The exodus of the British from Singapore and Malaya during the turbulent war periods brought about serious economic and political changes. The Hainanese men soon found themselves out of work, and relied on what they knew best – food and beverage. Transitioning from unemployed to self-employed, they set up coffee shops, bakeries, eateries and even small hotels.
The price of rubber fell drastically during the 1930s and the subsequent Great Depression resulted in not only a steady stream of former rubber tappers now eager to work in a different field but also vacant business premises which were now available for very low rent. Coupled with their eagerness to work hard for themselves, the presence of the Hainanese brought about a serious boom in the food and beverage industry in Malaya during the 1920s till the 1950s. Drawing upon their experience serving their former colonial masters, they introduced a selection of dishes that were a curious hybrid between colonial and local cuisines.
The now-iconic black coffee with roti bakar (toasted bread with butter and kaya) and half-boiled eggs were an adaptation of the original British breakfast. The same can be observed with how the Hainanese chicken chop is served with a gravy of green peas and carrots, accompanied by coleslaw and potato wedges. Hainanese coffee merchants and coffee shop proprietors also went about procuring and roasting their own coffee beans to create unique flavours.
Even the English word ‘coffee’ was adapted into Malay to become ‘kopi’ which was then combined with the Hokkien word ‘tiam’ (meaning ‘shop’) to become ‘kopitiam’, literally meaning ‘coffee shop’.
Walk across the busiest intersection in KL, past the large machinery that is changing the face of Bukit Bintang – at the end of a long row of massage parlours and a million different shops catered to the wandering traveller lies a quiet and unassuming coffee shop. Dressed in a floral sam foo, Madam Yap commands the Toong Kwoon Chye Coffee Shop with a light foot. Her grandfather, Yap Kee Chong, started the business in 1925 under the nickname Dong Kwoon Zhai , literally ‘the boy from Dong Kwoon’, a town in Guangdong, China.
The tables and chairs are familiar. One wonders if all traditional kopitiams had the same furniture supplier. The staircase leading up to the living quarters are curiously ’70s in style. The building was renovated back then with the addition of two floors, and today, Madam Yap lives on the mezzanine floor of the four-storey building while the rest of her family are on the top floor.
She runs a modest business, serving drinks and the shop’s signature wan tan mee, which has been perfected over many decades. Business starts at 8.30am when the iron shutters are opened by her brother, the wan tan mee maestro. Educated under the British, she responds to my queries for a roti bakar in perfect English. ‘We don’t have roti bakar. We do have kaya pau. You should try it. It’s the same thing.’ We were all raised to respect the wise words of our elders and here it rings true. Even with a full stomach, the pau is delicious. It tastes exactly how a pau should taste and everything just clicks.

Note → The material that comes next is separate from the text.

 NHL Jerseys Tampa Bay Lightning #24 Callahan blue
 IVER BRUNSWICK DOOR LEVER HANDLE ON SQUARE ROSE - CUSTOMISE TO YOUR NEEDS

If Sergio Leone were setting up a scene for one of his Westerns in Malaya, this is how it would look. There’s the quiet regular with half a bottle of Guinness. A lone wandering traveller with a cold beer. A group of young local girls enjoying their plate of noodles. A duel between Madam Yap and a curious writer, which might make for a better story than the one you are reading.
The main road right in front of the shop is now closed for roadworks and a comfortable curtain of silence hangs over the shop. If any part of Bukit Bintang still retains its soul, this is it.
The gold rush
The pioneering Hainanese and other ethnic groups played a huge role in transforming the kopitiam into a public institution and developing the culture of eating various dishes that today defines the modern Malaysian dining lifestyle. Over the years, the Malaysian palette has evolved from being singular, with each ethnic group preferring their respective cuisine, to being extremely inclusive in enjoying the foods of other cultures.
The modern structure of a coffee shop, with its model of serving drinks and subletting space to hawker stalls, was established by early proprietors who were looking at diversifying the choice of dishes available and to offset the rising cost of rental. The scale of a modern coffee shop has shifted from a bare shoplot with wooden tables and benches to a full-blown restaurant with a selection of Malay, Chinese, Indian, Thai, Western, and even fusion dishes from rows of hawker stalls. The hungry Malaysian expects the option of ordering different dishes at the same time, and rotating between cuisines becomes a daily routine rather than a luxurious gastronomical adventure.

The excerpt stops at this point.